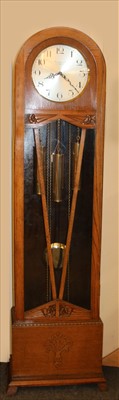 Lot 511 - A 1930s oak cased longcase clock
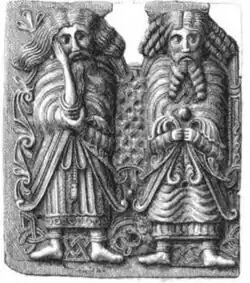 Male figures on the middle right (plaque 5)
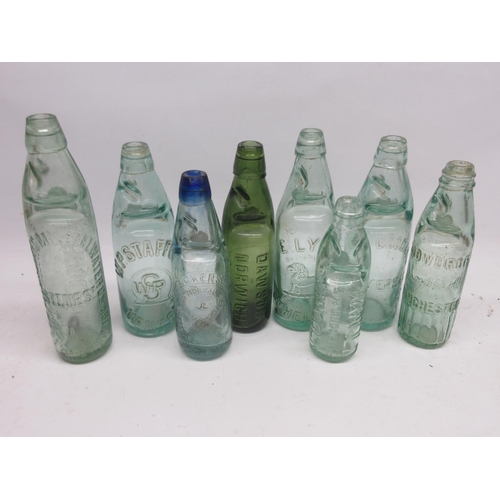 220A - Selection of eight Codd-neck glass bottles from across Britain, including Bolton, Denton, Lincoln et... 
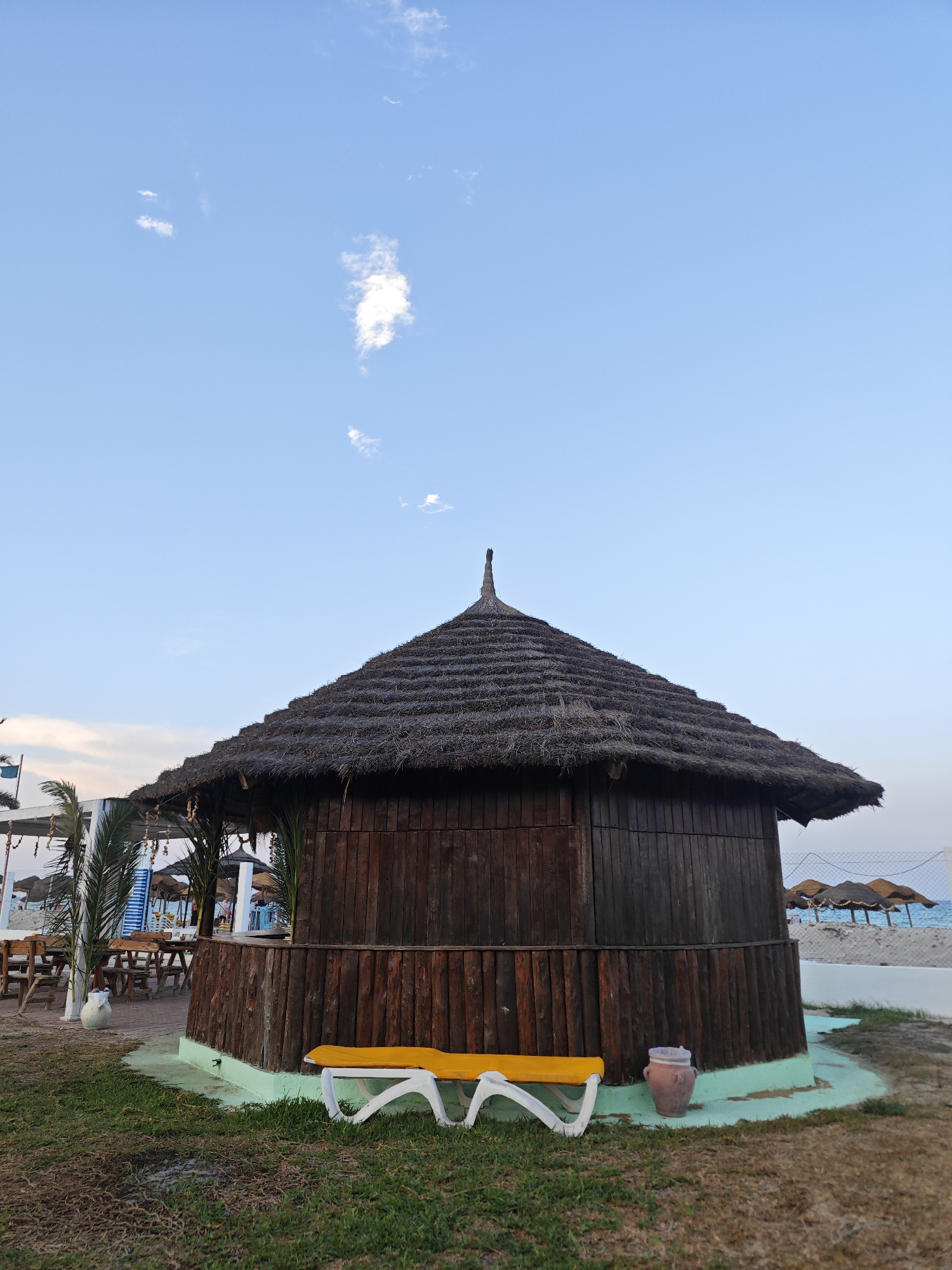 This is a photograph taken in Mahdia, Tunisia. The image captures a beachfront scene with a focus on a round, wooden structure topped with a thatched roof. In front of the structure, there is a yellow lounge chair and a terracotta pot. The background reveals the beach with a fence, more thatched umbrellas, and the blue sea under a pale blue sky with sparse clouds. To the left of the wooden structure, there are tables and chairs, suggesting an outdoor seating area, possibly for a restaurant or cafe. Palm trees are also visible, adding to the tropical ambiance. The overall impression is one of a relaxed, coastal environment.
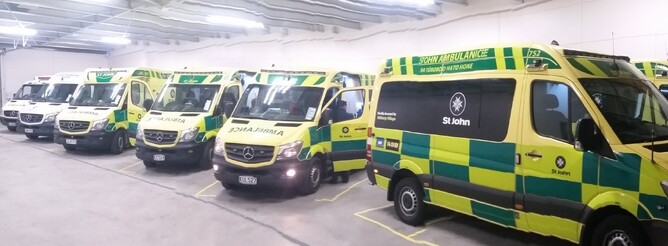 Seven ambulances parked inside the new St John building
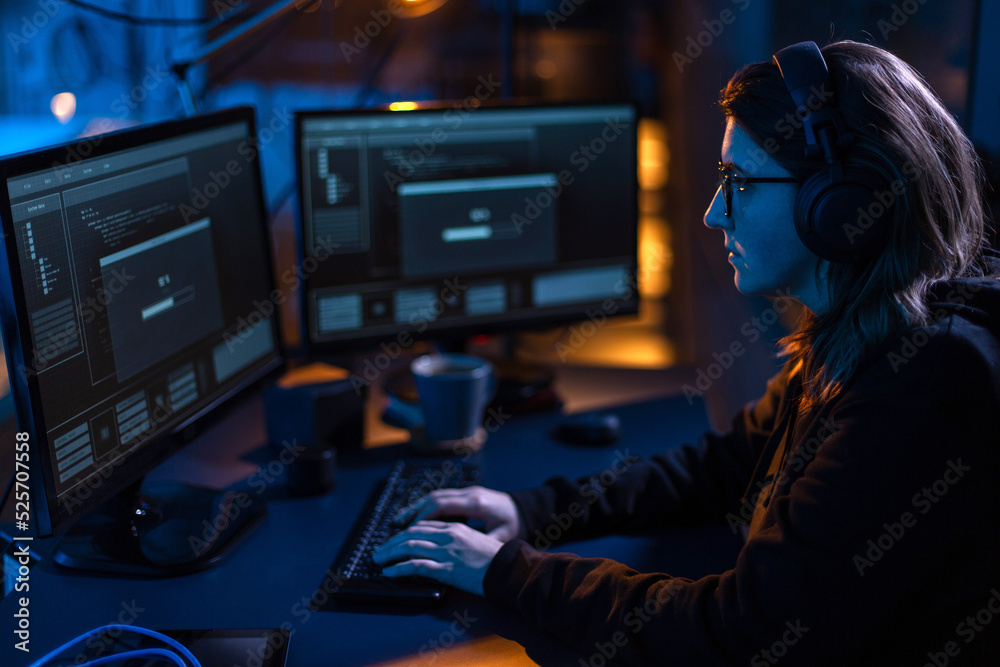 Poster cybercrime, hacking and technology concept - female hacker in dark room writing code or using comput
........
#### Problem to work on
Leaving the images out, print the records above exactly.

#### Problem solution
 Lot 511 - A 1930s oak cased longcase clock
 Male figures on the middle right (plaque 5)
 220A - Selection of eight Codd-neck glass bottles from across Britain, including Bolton, Denton, Lincoln et... 
 This is a photograph taken in Mahdia, Tunisia. The image captures a beachfront scene with a focus on a round, wooden structure topped with a thatched roof. In front of the structure, there is a yellow lounge chair and a terracotta pot. The background reveals the beach with a fence, more thatched umbrellas, and the blue sea under a pale blue sky with sparse clouds. To the left of the wooden structure, there are tables and chairs, suggesting an outdoor seating area, possibly for a restaurant or cafe. Palm trees are also visible, adding to the tropical ambiance. The overall impression is one of a relaxed, coastal environment.
 Seven ambulances parked inside the new St John building
 Poster cybercrime, hacking and technology concept - female hacker in dark room writing code or using comput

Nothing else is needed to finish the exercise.